I feel very much a part of the English ‘school’ of oboe playing and teaching which owes much to the inspirational playing of Léon Goossens as well as to leading player/teachers including  my own teachers as well as Terence McDonagh, Michael Winfield, Sarah Francis and many other outstanding oboists.

 

But I have absorbed much from other schools of oboe playing notably through my lessons with Helmut Winschermann in Detmold, Germany and through my admiration for the teaching in Paris and Lyons, in Canada/USA, and in many conservatoires throughout Europe, Asia, South America and Australia. As a member of both the International Double Reed Society and British Double Reed Society, I keep in touch with new ideas and approaches as much as I can.

 

Beginning as a private teacher, I was appointed to the Royal Academy of Music in 1984 to succeed Michael Dobson and taught there with my colleagues Celia Nicklin and Tess Miller until 1993 when I began teaching at Royal Birmingham Conservatoire along with Richard Weigall, Antony Miller, Jane Marshall, Jenni Phillips, Jonathan Kelly, Christopher Cowie, Anna Cooper, Sophia McKenna, Gail Hennessy and the whole oboe team.
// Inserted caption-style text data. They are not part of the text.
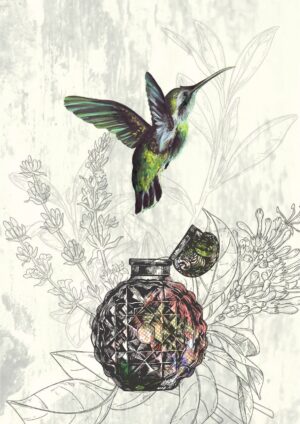 Les Parfums Colibri Vert Matte Art Print
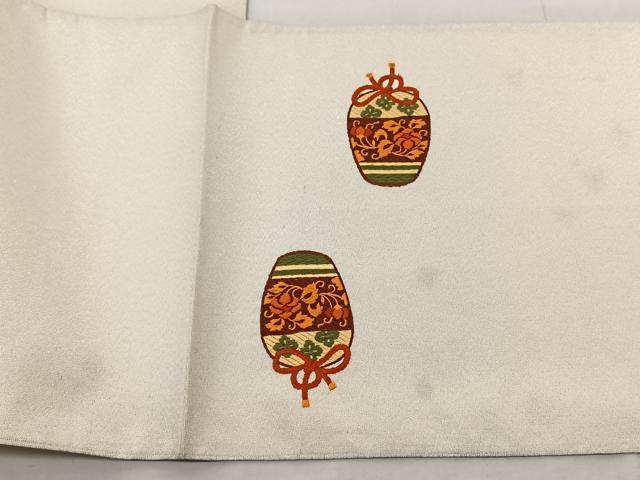 青海波　銀駒刺繍　ビーズ　スパンコール　付け下げ　着物　093w p 平和屋着物◎九寸開き名古屋帯 駒刺繍 孔雀羽花文 銀糸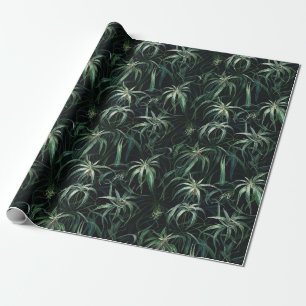 Papel De Presente Watercolor Spider Plant (Dark)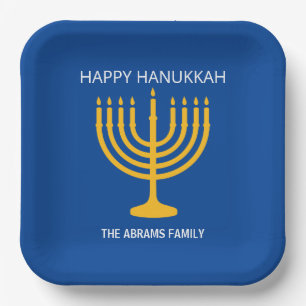 Plato De Papel Feliz Hanukkah Menorah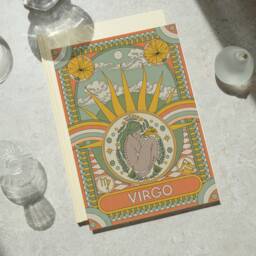 Virgo Zodiac Print Birth Flower, Astrology Wall Art - thumbnail 1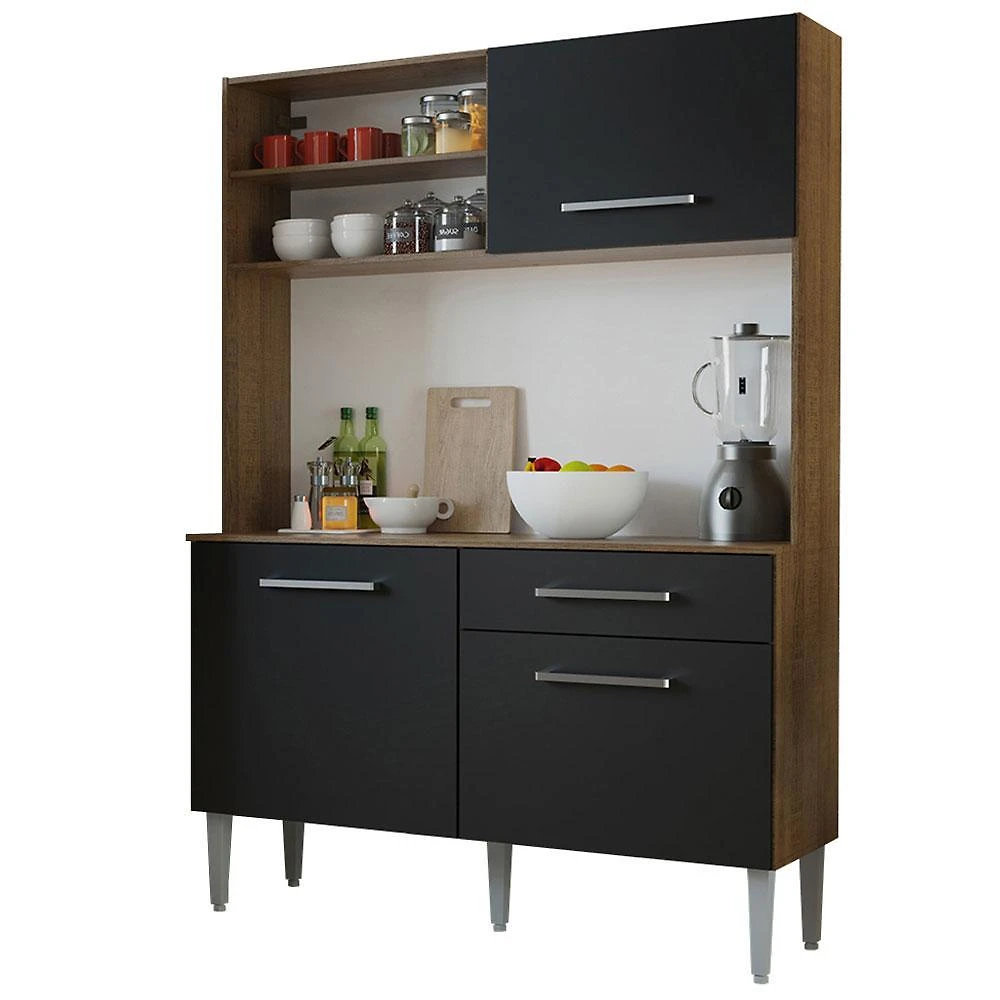 Armário de cozinha compacta 120cm rustic/preto life madesa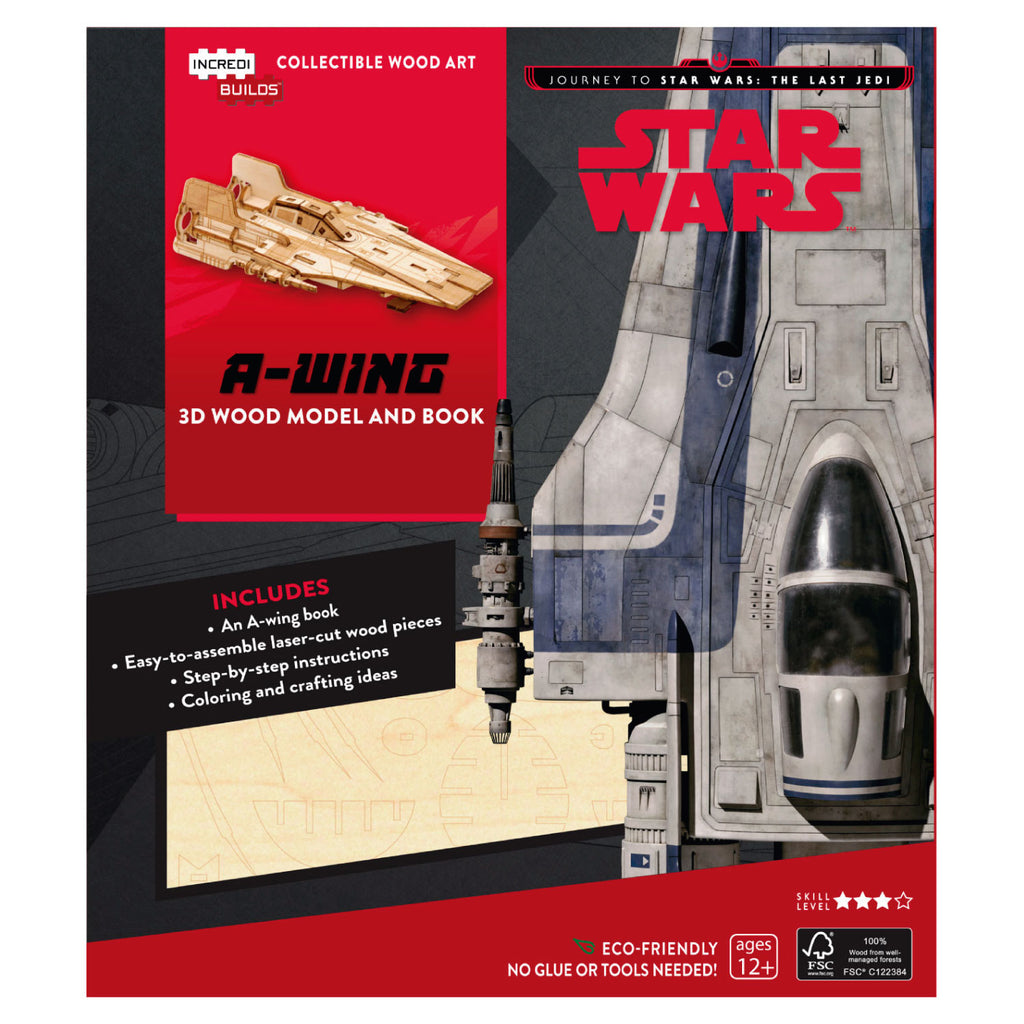 Star Wars The Last Jedi A - Wing Libro y Modelo Armable Madera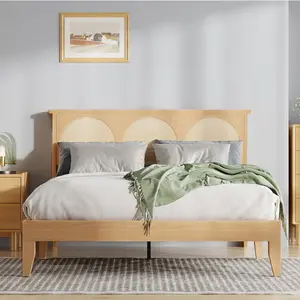 【GARVEE】Bohe Bed Frame with Natural Rattan Headboard, Smaart LED Storage Headboard - Bohemian Wooden Platform Bed, No Box Spring Needed, Under Bed Storage, Easy Assembly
I continue to teach the oboe at Royal Birmingham Conservatoire. During my time as Artistic Director at Codarts Rotterdam (2011 – 2016) the oboe teachers were Maarten Dekkers, Aisling Casey and Ralph van Daal. Currently I am working at the Royal Welsh College of Music where the oboe teachers are John Anderson, Murray Johnston, Catriona MacKinnon and Sarah-Jayne Porsmoguer.

 

As a chamber music and orchestra coach, I draw on my many years of playing with outstanding players of all instruments. The art of ensemble playing is perhaps the most rewarding teaching of all as technique, musicianship and imagination are stretched to the limit.

 

I have been honoured to work with so many talented students over the years and enjoyed watching the progress of their careers in performing, in teaching and in all areas of the music profession. I try to keep in touch with as many former students as I can wherever they are –  in the UK, Canada/USA, Australia, Hong Kong and China and many European countries.